When a woman is born, she has a fixed number of follicles, every cycle you are losing those follicles. In PCOS, there are so many eggs that you are losing because they are not being fertilised. So, women who are willing to conceive, it is recommended that they make some lifestyle changes and then, if possible, plan a pregnancy. It’s not that you cannot get pregnant, you don’t need to be unduly stressed about it. But yes, there could be a delay, maybe it will be difficult. Then you will have to seek other procedures like IVF (In vitro fertilisation).
Are there any preventive measures that women can take against PCOS?
Yes, absolutely, a gynae checkup and a visit to the physician periodically is helpful. An annual checkup is a must. Some people just get a blood test done annually, but that is not enough for women. Lifestyle is an extremely important factor. Managing stress is very important as well. I would even recommend yoga and meditation to calm your mind and your body so that good hormones are released which is great for your overall health as well. When you exercise, good hormones are released into the body, that will help with your general well being as well.

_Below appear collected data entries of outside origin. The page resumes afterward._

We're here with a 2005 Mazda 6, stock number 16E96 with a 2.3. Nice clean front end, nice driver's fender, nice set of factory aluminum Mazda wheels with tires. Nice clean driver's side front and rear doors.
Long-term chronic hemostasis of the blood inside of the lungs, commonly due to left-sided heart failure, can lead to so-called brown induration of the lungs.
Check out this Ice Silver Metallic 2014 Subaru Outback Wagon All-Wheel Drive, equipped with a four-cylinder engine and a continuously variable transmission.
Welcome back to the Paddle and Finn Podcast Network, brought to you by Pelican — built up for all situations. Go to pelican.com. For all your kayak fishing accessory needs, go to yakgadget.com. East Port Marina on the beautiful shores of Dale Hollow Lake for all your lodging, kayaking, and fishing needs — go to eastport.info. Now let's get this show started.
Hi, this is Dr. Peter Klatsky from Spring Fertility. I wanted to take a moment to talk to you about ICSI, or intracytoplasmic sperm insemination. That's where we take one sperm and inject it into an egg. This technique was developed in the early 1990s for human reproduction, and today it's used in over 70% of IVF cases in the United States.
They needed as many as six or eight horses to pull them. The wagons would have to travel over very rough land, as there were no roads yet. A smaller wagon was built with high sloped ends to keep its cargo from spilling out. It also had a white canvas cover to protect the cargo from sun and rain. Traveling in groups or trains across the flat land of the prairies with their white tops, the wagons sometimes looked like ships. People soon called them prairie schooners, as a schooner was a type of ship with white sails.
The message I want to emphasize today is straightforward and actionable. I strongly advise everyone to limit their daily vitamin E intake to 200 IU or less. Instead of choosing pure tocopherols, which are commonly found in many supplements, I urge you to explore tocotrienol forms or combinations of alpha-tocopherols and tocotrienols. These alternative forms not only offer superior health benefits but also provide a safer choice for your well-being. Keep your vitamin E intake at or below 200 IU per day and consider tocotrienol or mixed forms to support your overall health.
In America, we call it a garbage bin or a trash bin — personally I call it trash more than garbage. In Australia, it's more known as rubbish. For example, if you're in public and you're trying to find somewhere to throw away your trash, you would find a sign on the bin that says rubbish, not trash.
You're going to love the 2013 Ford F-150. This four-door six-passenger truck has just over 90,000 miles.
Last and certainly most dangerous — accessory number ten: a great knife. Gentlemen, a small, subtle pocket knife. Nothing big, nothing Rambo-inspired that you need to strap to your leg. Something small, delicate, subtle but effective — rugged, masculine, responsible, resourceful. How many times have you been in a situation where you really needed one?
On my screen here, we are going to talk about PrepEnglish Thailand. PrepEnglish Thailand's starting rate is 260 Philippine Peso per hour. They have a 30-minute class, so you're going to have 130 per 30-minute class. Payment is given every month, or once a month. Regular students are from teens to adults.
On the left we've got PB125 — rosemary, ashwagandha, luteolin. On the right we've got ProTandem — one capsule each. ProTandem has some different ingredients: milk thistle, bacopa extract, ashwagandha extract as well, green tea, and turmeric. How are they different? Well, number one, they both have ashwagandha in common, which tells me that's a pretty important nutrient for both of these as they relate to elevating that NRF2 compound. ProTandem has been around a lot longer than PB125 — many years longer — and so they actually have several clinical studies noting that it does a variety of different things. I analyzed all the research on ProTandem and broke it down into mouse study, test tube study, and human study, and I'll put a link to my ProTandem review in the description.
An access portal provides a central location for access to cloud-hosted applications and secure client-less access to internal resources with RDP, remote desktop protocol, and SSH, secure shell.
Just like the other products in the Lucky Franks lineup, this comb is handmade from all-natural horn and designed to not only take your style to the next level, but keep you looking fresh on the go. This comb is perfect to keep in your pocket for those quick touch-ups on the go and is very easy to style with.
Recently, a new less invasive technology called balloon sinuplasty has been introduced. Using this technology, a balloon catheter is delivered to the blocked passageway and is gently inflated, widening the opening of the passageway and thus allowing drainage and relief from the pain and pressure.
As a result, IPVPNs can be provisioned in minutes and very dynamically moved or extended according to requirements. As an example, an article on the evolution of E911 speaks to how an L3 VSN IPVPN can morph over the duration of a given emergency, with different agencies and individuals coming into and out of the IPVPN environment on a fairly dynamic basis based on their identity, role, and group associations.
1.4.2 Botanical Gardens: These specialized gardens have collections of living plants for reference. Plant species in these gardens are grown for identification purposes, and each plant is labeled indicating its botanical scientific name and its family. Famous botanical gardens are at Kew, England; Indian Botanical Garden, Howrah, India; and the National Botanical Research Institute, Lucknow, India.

How important is stress as a factor?
Stress is a big factor, it affects your insulin. Once insulin resistance develops then different conditions can develop. Once the hormonal balance is altered, it will take some time to come back to normal. You have to help yourself by exercising and shifting to a healthy lifestyle. You can stall by using drugs, you can even plan a pregnancy, but if you don’t change your lifestyle you will always be at risk. You can also be at risk of diabetes, if you are pregnant you could have gestational diabetes, and later in life you could have type 2 diabetes, coronary heart disease, ovarian cancer. If you have PCOS and if you are not taking care of yourself you could later develop any of these conditions.
Are there any specific age groups that are more at risk?
Mostly young adults, maybe one in five in urban areas suffer from PCOS.
Are there any specific tests that you recommend women should get periodically?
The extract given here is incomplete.